The study found that 18 companies, including Netflix, General Electric, International Paper, Priceline.com and PG&E, paid no federal income tax at all over the eight years. 

One-fifth of the corporations, 48, paid an effective tax rate of less than 10% over that period. Amazon’s tax rate was just 9.4%, the study found.

Under Ms. Warren’s proposal, tax loopholes would be eliminated. The companies instead would be exempt from paying taxes on the first $100 million in profit they disclose to investors, but would pay 7% in taxes for any income above that. Ms. Warren said the tax would affect 1,300 public companies and an unknown number of private ones. Spokespeople for Netflix, General Electric, International Paper, Priceline.com and PG&E did not return requests for comment.

Amazon’s senior vice president of policy, Jay Carney, a White House spokesman for the Obama administration, in March said Congress had repeatedly decided the exemption for research and development is justified.

“If the R&D Tax Credit is a ‘loophole,’ it’s certainly one Congress strongly intended.
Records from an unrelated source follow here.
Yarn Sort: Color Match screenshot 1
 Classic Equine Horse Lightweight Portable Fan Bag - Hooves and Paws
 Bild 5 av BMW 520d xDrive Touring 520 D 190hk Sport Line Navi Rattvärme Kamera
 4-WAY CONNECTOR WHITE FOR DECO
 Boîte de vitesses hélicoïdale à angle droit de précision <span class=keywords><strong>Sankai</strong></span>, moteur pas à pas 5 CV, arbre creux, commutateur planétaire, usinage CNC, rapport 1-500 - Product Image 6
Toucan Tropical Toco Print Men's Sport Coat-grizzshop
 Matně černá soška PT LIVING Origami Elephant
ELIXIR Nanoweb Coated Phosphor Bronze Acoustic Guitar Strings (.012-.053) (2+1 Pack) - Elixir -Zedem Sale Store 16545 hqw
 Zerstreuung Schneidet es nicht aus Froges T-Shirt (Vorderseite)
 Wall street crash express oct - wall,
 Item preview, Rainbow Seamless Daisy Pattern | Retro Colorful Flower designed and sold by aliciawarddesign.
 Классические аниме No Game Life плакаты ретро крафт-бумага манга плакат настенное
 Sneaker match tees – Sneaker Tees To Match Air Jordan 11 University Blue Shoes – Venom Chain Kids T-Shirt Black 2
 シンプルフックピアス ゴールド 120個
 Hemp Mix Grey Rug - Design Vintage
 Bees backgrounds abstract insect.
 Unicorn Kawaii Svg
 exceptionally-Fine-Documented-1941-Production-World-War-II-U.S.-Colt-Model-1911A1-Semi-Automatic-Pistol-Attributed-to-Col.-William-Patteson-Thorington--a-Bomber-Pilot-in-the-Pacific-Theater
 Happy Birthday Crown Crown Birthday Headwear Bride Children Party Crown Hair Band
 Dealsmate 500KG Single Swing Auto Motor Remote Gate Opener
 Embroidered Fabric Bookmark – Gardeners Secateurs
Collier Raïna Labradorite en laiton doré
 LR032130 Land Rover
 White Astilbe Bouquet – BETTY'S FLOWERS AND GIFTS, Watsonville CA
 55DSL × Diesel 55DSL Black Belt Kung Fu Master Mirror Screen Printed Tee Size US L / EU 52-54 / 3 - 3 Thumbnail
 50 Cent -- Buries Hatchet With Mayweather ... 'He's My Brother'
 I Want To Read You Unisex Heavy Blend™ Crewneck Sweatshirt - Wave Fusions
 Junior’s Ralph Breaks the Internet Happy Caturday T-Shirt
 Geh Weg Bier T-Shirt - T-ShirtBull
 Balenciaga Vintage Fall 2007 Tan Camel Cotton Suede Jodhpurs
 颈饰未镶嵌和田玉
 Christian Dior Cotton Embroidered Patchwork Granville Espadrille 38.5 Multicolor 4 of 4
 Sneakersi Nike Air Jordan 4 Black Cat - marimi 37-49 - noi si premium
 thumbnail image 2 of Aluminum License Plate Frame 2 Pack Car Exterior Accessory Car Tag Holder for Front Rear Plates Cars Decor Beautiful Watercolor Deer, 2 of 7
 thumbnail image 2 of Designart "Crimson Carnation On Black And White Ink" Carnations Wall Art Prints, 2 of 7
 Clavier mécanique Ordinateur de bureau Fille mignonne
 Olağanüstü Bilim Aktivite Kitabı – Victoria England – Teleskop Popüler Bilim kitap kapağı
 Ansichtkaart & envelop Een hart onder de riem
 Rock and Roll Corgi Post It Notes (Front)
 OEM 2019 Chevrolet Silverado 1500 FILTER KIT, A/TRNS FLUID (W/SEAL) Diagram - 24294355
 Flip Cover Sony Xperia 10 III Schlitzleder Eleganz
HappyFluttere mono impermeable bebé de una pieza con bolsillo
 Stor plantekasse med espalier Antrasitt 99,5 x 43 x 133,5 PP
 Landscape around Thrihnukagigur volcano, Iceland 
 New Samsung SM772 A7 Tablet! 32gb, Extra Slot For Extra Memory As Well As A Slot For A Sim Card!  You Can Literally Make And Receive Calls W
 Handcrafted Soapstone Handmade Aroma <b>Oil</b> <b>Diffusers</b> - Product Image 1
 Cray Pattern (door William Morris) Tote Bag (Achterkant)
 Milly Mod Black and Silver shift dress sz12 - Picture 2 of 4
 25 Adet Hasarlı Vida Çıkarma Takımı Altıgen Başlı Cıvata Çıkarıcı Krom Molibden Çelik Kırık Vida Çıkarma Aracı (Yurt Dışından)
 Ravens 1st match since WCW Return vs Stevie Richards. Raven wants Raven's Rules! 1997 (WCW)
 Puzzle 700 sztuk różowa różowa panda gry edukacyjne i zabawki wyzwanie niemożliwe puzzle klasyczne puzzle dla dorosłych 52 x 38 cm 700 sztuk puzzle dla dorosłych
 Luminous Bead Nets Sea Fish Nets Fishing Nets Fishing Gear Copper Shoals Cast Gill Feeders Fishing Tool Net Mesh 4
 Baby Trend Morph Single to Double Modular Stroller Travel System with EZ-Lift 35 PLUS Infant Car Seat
The R&D Tax credit has existed since 1981, was extended 15 times with bipartisan support and was made permanent in 2015 in a law signed by President Obama,” he tweeted.

A House Republican commerce committee aide disputed the idea that corporations are not paying their fair share.

While Mr. Trump’s tax cuts lowered the corporate tax rate from 35% to 21% in 2017, the aide pointed to a Congressional Budget Office forecast that said businesses will pay $379 billion, a record high, in taxes in 2023. The amount, though, is less than the $395 billion the CBO had forecast for that year before the Trump cuts. 

The center-right Tax Foundation found that Ms. Warren’s tax hikes would come with costs. In an April study, the foundation said the higher taxes would reduce how much investors would be willing to invest in them. About 454,000 jobs would be lost and wages would decline by 1.5%. It also would reduce the gross domestic product by 1.9%.

The study also questioned how much money the proposal would raise. The foundation estimated that corporations would pay $872 billion more in taxes between 2020 and 2029. But because of lost jobs and wages, the federal government would collect only an additional $476 billion over the decade.

“The Real Corporate Profits Tax would distort investment decisions by subjecting corporate investment to additional taxation,” the study concluded. “As such, this tax would fall on U.S. workers in the form of lower wages.” 

Democrats are looking for ways to pay for the spending package, a wish-list of Democratic priorities such as subsidized child care, paid leave, tuition-free community college, climate change initiatives and expansions of Medicaid and Medicare.

Some of the revenue proposals include repealing the 2017 tax cuts, forcing drug companies to lower the prices they charge Medicare, and raising corporate and international taxes as well as rates for high-income earners. Democrats also are planning to expand the power of the IRS to crack down on tax scofflaws and institute a “carbon polluter import fee.”

Mr. Biden has proposed raising the corporate tax rate from 21% to 28% to pay for the reconciliation proposal.